When a couple brings diverse taste, approach, attitude and priorities to the marriage, the stage is set for decorating limbo. Novice couples often assume that decorating is a Saturday afternoon outing that consists of a trip to the mall. It will be a quick, effortless and end with lunch at the food court. Sometimes a list will be made in advance and the hunting and gathering is on. After several exhausting and futile hours, tensions flare, nasty swipes are uttered and a hasty retreat is made before a full-fledge battle erupts.
If the couple makes it beyond this point where reality intersects with naivety, the risk of the “this is fine so let’s just get it done” impulse purchase mistake happens next.
When the realization that the oversized leather sectional that looked great on the showroom with 30 foot ceilings, now looks absurd in the home with dainty architectural details and eight foot ceilings, some pretty nasty barbs go flying.

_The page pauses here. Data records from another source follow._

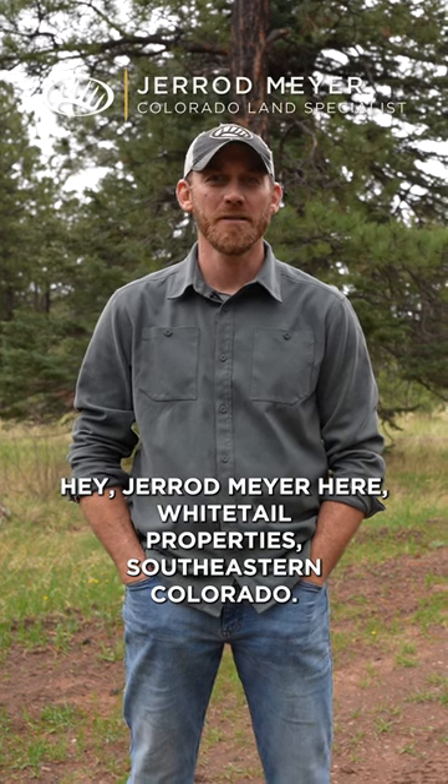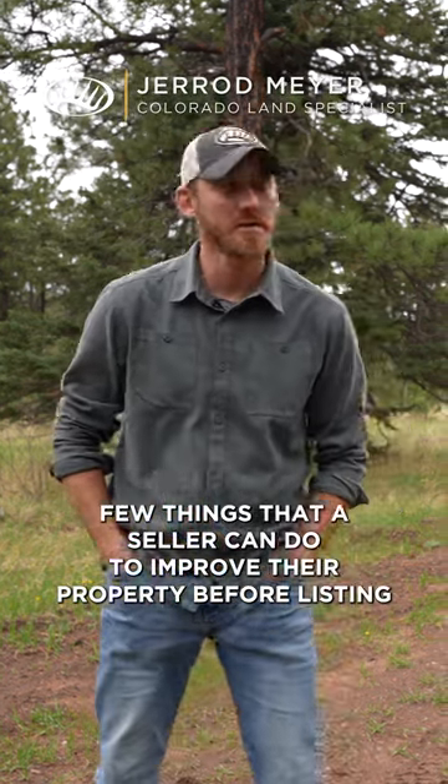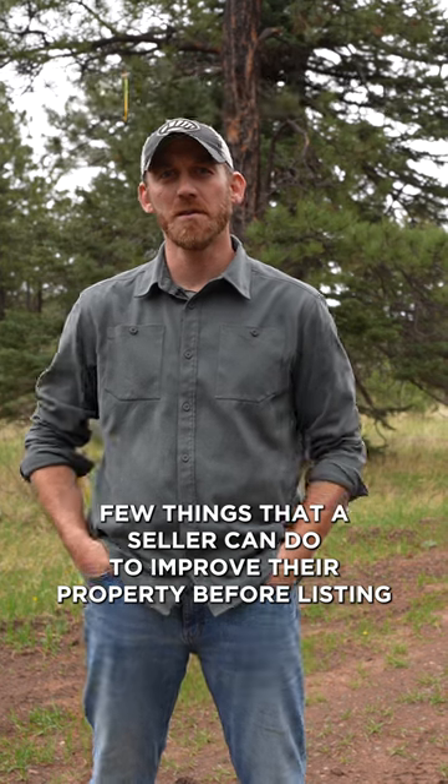Hey, Jared Meyer here, Whitetail Properties, Southeastern Colorado. A few things that a seller can do to improve their property before listing.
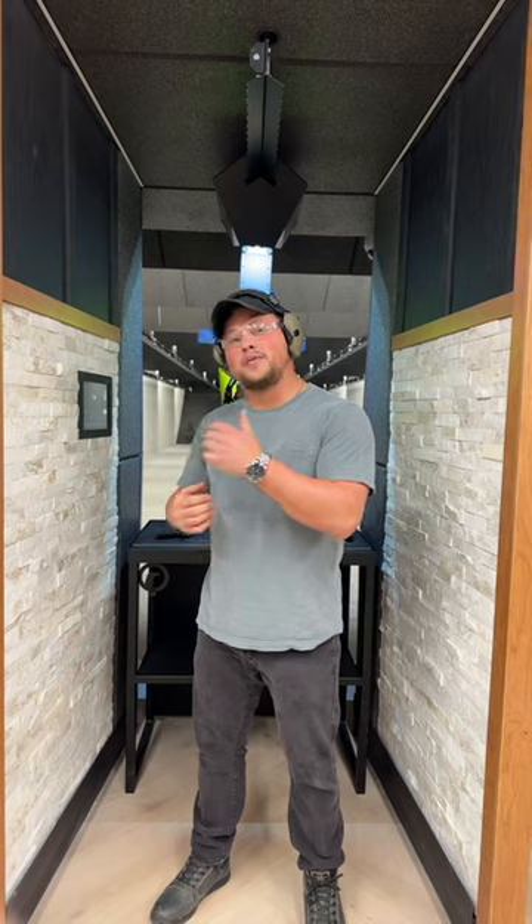Hey guys, today we're shooting another really cool gun at the Mainline Armory in Malvern, PA. If you want to shoot here, come look them up. It's beautiful. Come take a look at what I brought today.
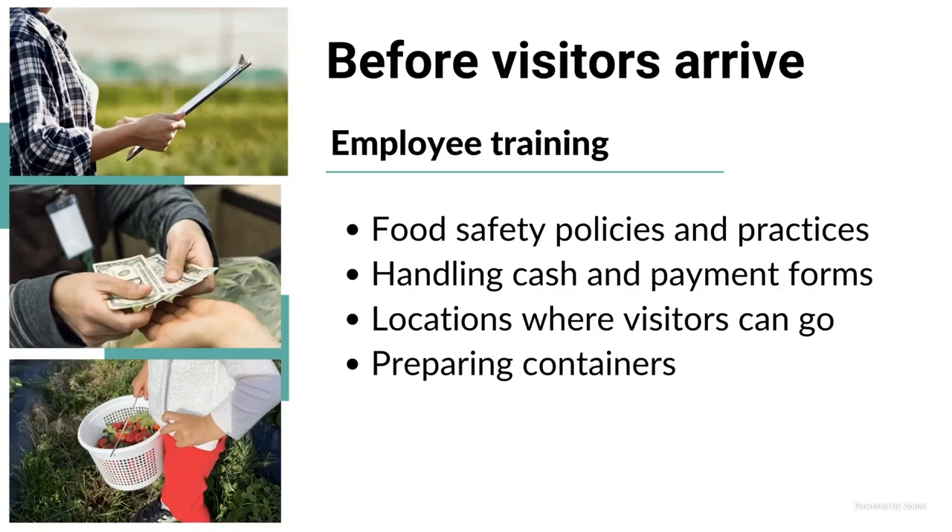Employees should be trained to know where visitors can and cannot go. Normally you will put signage on your field — fencing around it or tape it — but in case people wander into areas they should not be in, your employees need to know to redirect them. They should know which area visitors are supposed to be picking in, and how to tell visitors they are not supposed to go to a certain area.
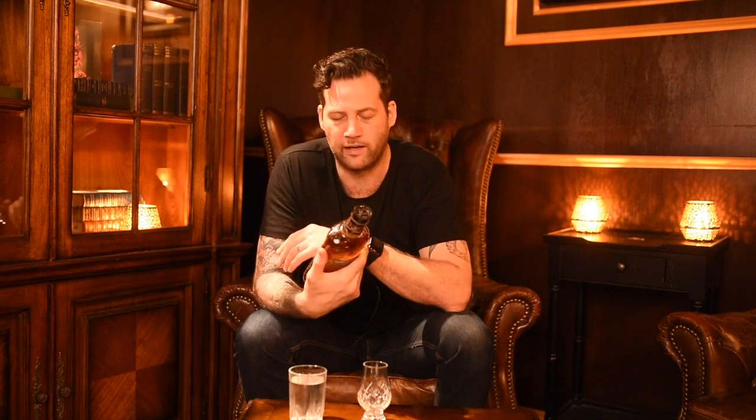Hello guys, welcome back to another episode of the Whiskey Diary. My name is Martin Lang and today we are going to be talking about Highland Park 12 Year Old. We have done a few videos on Highland Park — you're more than welcome to go and check those out — but today we're going to go through a little bit of history, what the distillery does, what is so unique, and then we're going to dive right in to the Highland Park 12 Year Old.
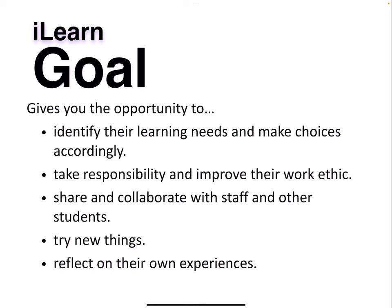The goal of I Learn is to give students the opportunity to identify learning needs and make choices accordingly, take responsibility, improve your work ethic, share and collaborate with staff and other students. It's an opportunity to try new things and reflect on your experiences.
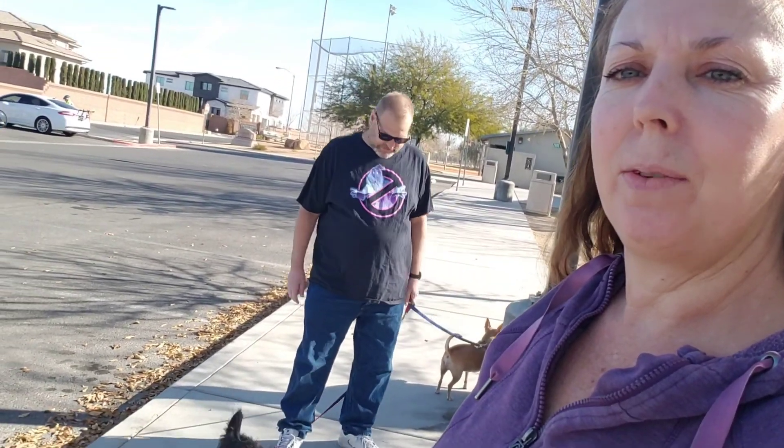Hey everybody, it's Let Your Life Show and I got Steve-O. We got the dogs this time. Let's hope for the best on this situation. There's a nice view right there. We're here at Cactus Wren Park here in Henderson, Nevada. We haven't been here before — I only wanted to check it out for the name itself. Actually, it's a pretty cool park.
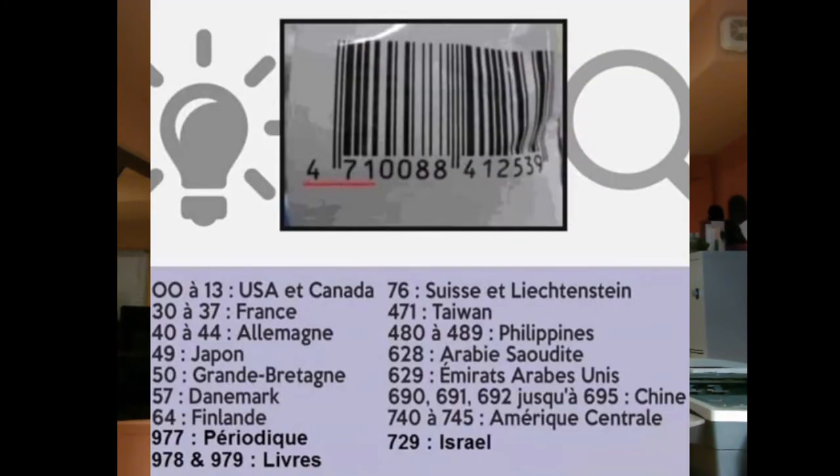Our well-known barcode on every piece of food in the store tells us where it comes from. For example, 471 is Taiwan. Anything from 690 to 695 is China. What I try to stick to in North America is our own food, which is 00 to 13. That way I know our rules and what we stick to, and if something's wrong we'll know right away.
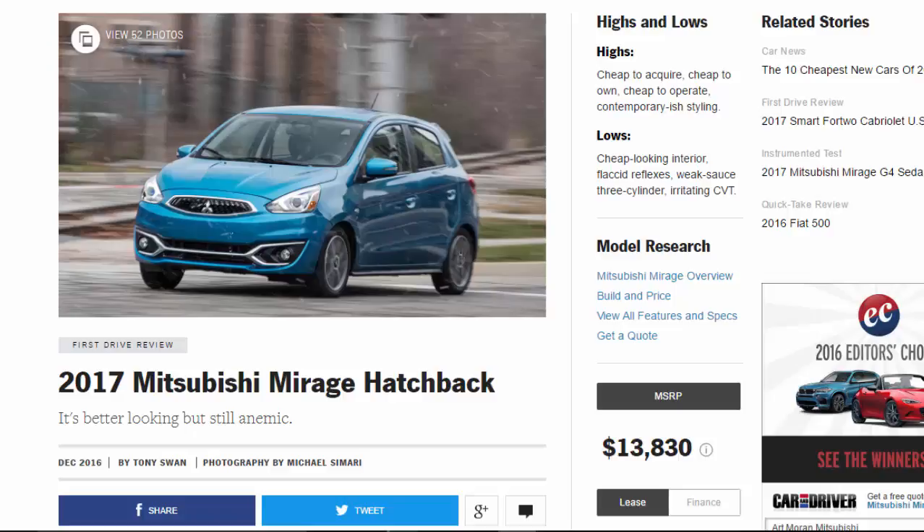2017 Mitsubishi Mirage hatchback — it's better looking but still anemic. Highs and lows: highs — cheap to acquire, cheap to own, cheap to operate, contemporary-ish styling. Lows — cheap looking interior, flaccid reflexes, weak sauce three-cylinder, irritating CVT.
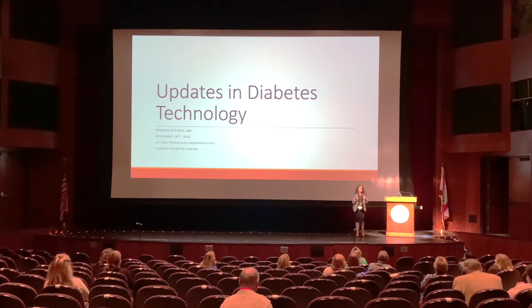I'm Karim Kapadia, an endocrinologist with UF Health in Halifax. It's my pleasure to be here today speaking about a topic I'm very passionate about — diabetes technology, and the updates that are in the pipeline and what to expect in the future.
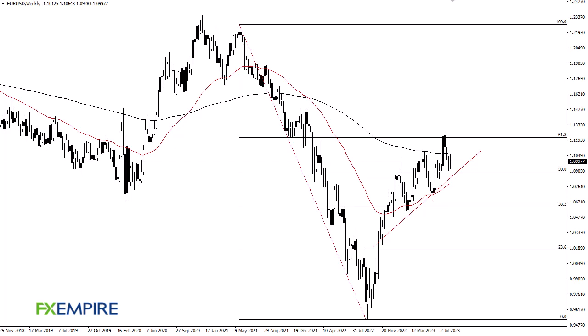From FX Empire, this is Chris taking a look at the EUR/USD weekly chart. You can see that we have gone back and forth with the 200 week EMA above offering resistance, and an uptrend line and the 50 week EMA underneath as support. 109 also offers support.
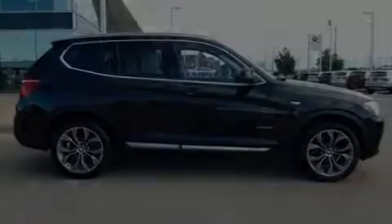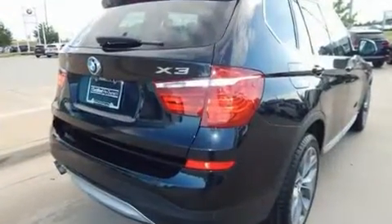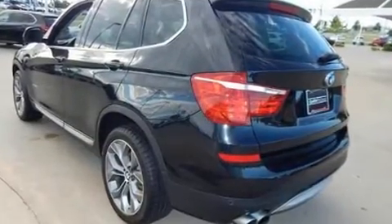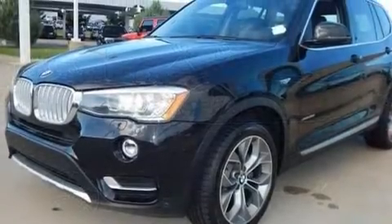Familiarize yourself with the 2015 BMW X3 with just over 40,000 miles on the odometer. This vehicle is constructed with a discerning driver in mind. Under the hood you'll find a six-cylinder engine with more than 300 horsepower, and for added security, dynamic stability control supplements the drivetrain.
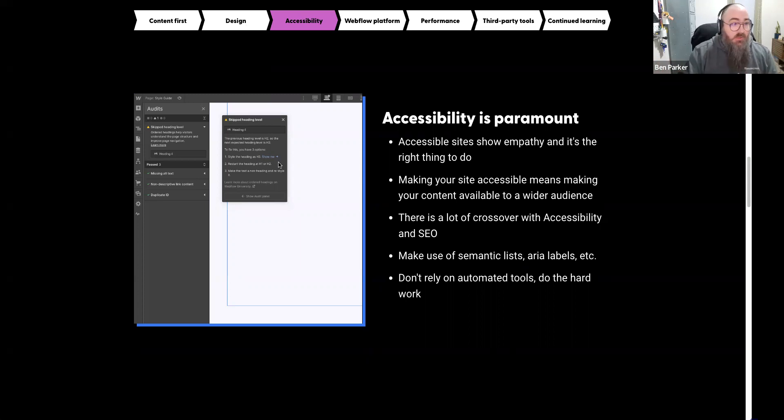On top of making your site accessible, it also makes your content available to a wider audience — that's a billion people who weren't in your funnel before. There's also a lot of crossover between accessibility and SEO: alt text on images, the right heading hierarchy, semantic lists — all of these things are really important when building a site that scales. It's important to be inclusive, care about every person that comes to your site, and handle it right from an SEO standpoint.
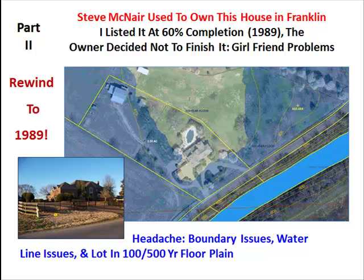Hi y'all, Clint Long here with Part 2 of Williamson County Real Estate.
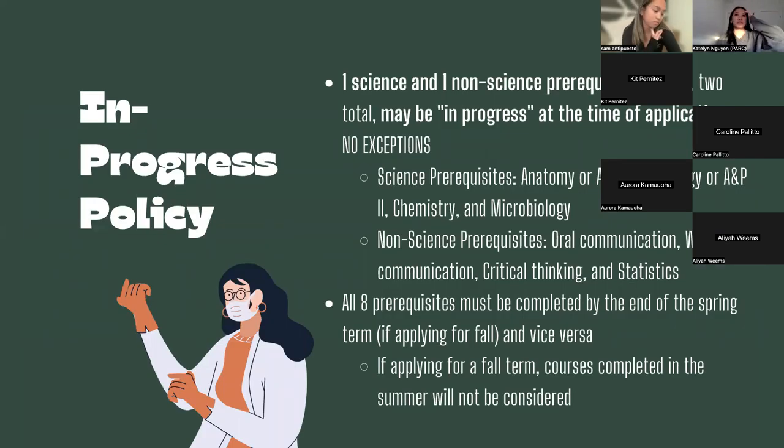To revisit the in-progress policy: one science and one non-science course can be in progress at the time of application — only one of each, no exceptions. Science courses are A&P 1 and 2, Chemistry, and Microbiology. Non-science prerequisites are oral communication, written communication, critical thinking, and statistics. Make sure you finish all eight prerequisites by the end of the term before you plan to apply. For fall applicants, all courses must be done by the end of spring; summer courses won't count.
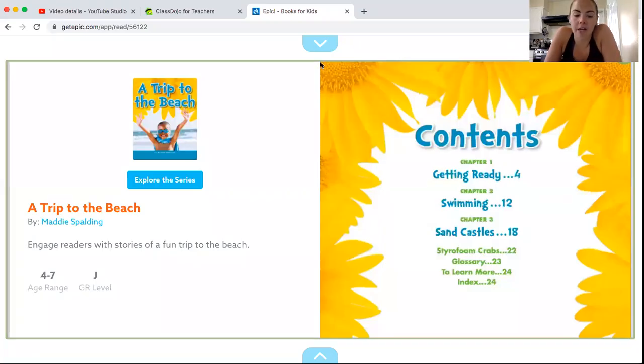Hey guys, all right, here is our read aloud for today. It's inspired by going to the beach, something I hope we all will be able to do soon. So the book is called A Trip to the Beach.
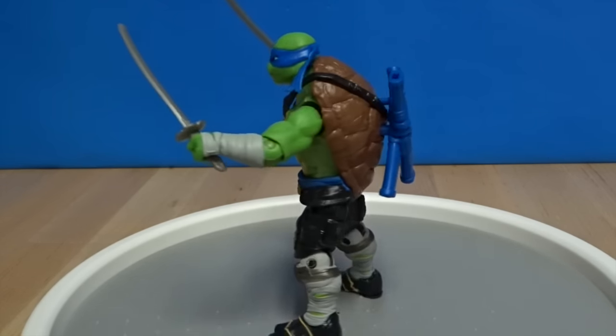Here we've got Raphael. He's got some armor on his side there. And then his daggers can either go in the back or right here behind his legs. Every single one of these guys have a spot for their weapon, which is really cool. They're very detailed. I see why they're a little bit more expensive.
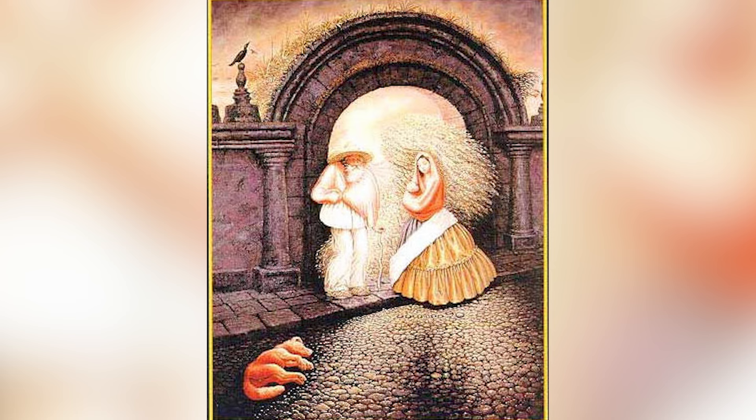How many people do you see inside of this image? Do you see one person, two people, three people, four people, five, six, seven? How many people do you actually see? Comment down below how many people you see and then I'll go and reveal the answer.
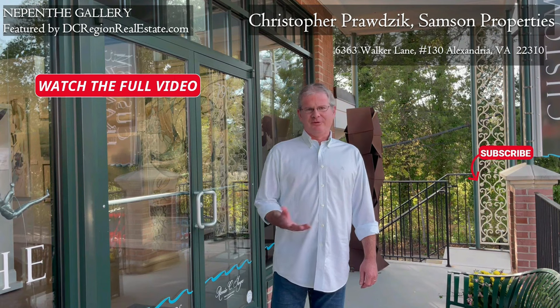Thanks for watching. Make sure you hit the subscribe button so you can be alerted to other community videos, news, and real estate information. We'll see you soon.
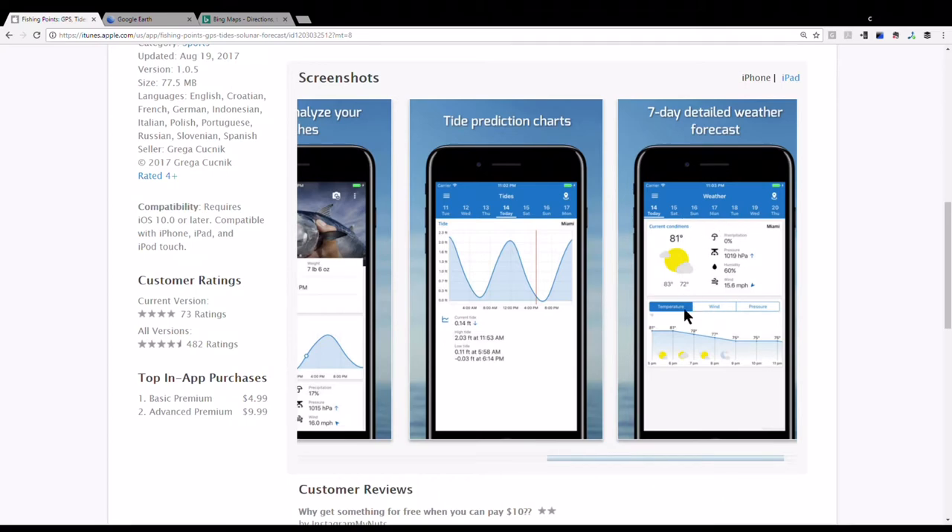The app also has tide predictions and a seven-day detailed weather forecast. Honestly I don't know how reliable the weather is in the app, so I still use the Weather Channel app which gives me a detailed radar look so I can see what's going on.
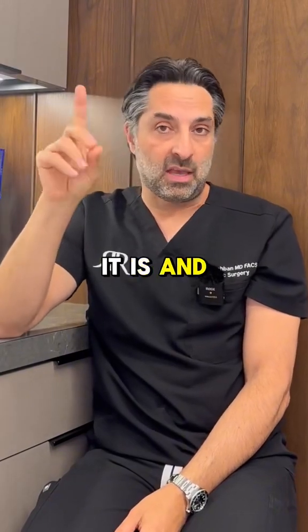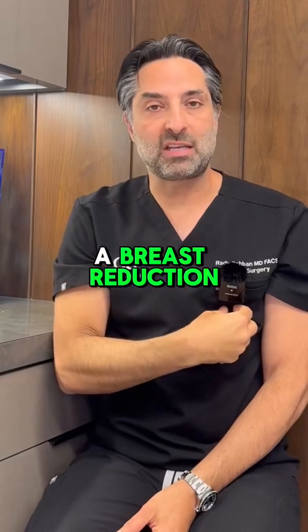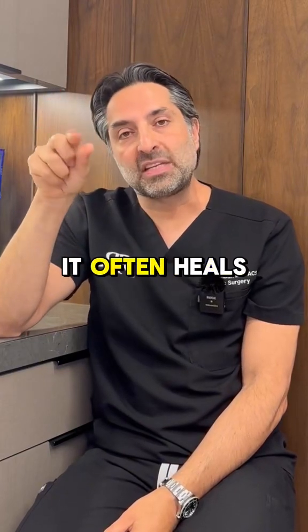Depending on where it is — the edge of skin during a facelift, a nipple during a breast reduction or lift, or the belly button — determines how you address it. Many times if you leave it and let it heal, it often heals pretty well.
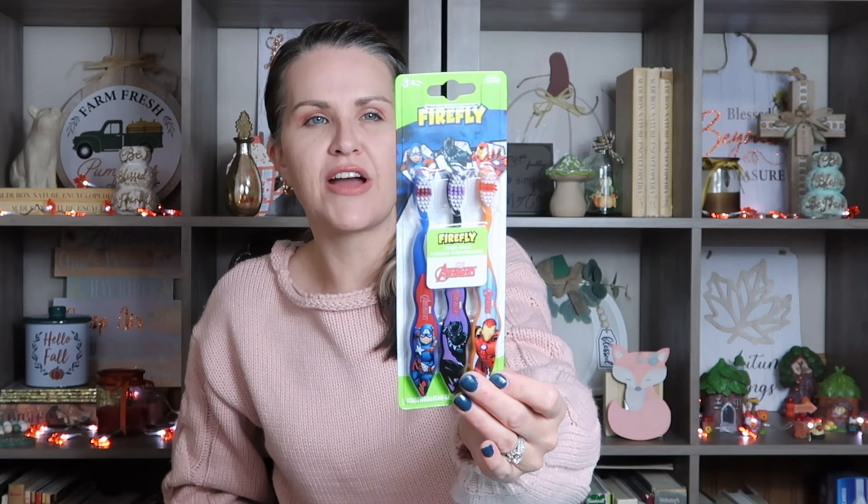I also went ahead and picked up my son some toothbrushes. These are by Firefly and they come with three. They're a little more gentle on his gums and teeth because he's still little — he's only seven, turning eight this coming month.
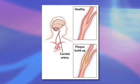There are two carotid arteries in the neck that provide much of the blood supply to the brain. Just behind the angle of the jaw, the main carotid artery divides into an external branch that goes to the face and an internal branch that goes to the brain.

If you are fortunate enough to be able to send the offending leather giant back to the store, it is time to admit that hiring a professional isn’t such a bad idea, after all.
Enter the interior designer – your couple’s communication specialist, facilitator, translator, mediator, magician and visual artist. Remember, couples rarely agree 100 percent on matters of taste, and finding a solution that will make both parties happy really is a delicate balance.
In the first meeting, the separate vision must be articulated. This is not to say “whatever you want.” This is the time to get it out there, admit that the rocking chair handed down from your grandma makes you want seasick just looking at it and that you have nightmares just thinking about sleeping in a room with rose and blue colored Amish quilts.
Budget is a typically the elephant in the room. Two people can have different ideas about how much it should cost to redo a room because it is a priority to one and not even a blip on the radar for the other. I love to ask a newbie decorating client how much they anticipate a sofa to be. This is a barometer of how observant they are to the cost of goods and services as related to home furnishings. I have had a husband say $300 and I have had a husband say $10,000. Both were extremes.
A good designer can explain the cost factors that make no sense to those outside the interior design inner circle like why a chair can cost as much as a sofa and why a delicate silk can cost 10 times more than a durable textile.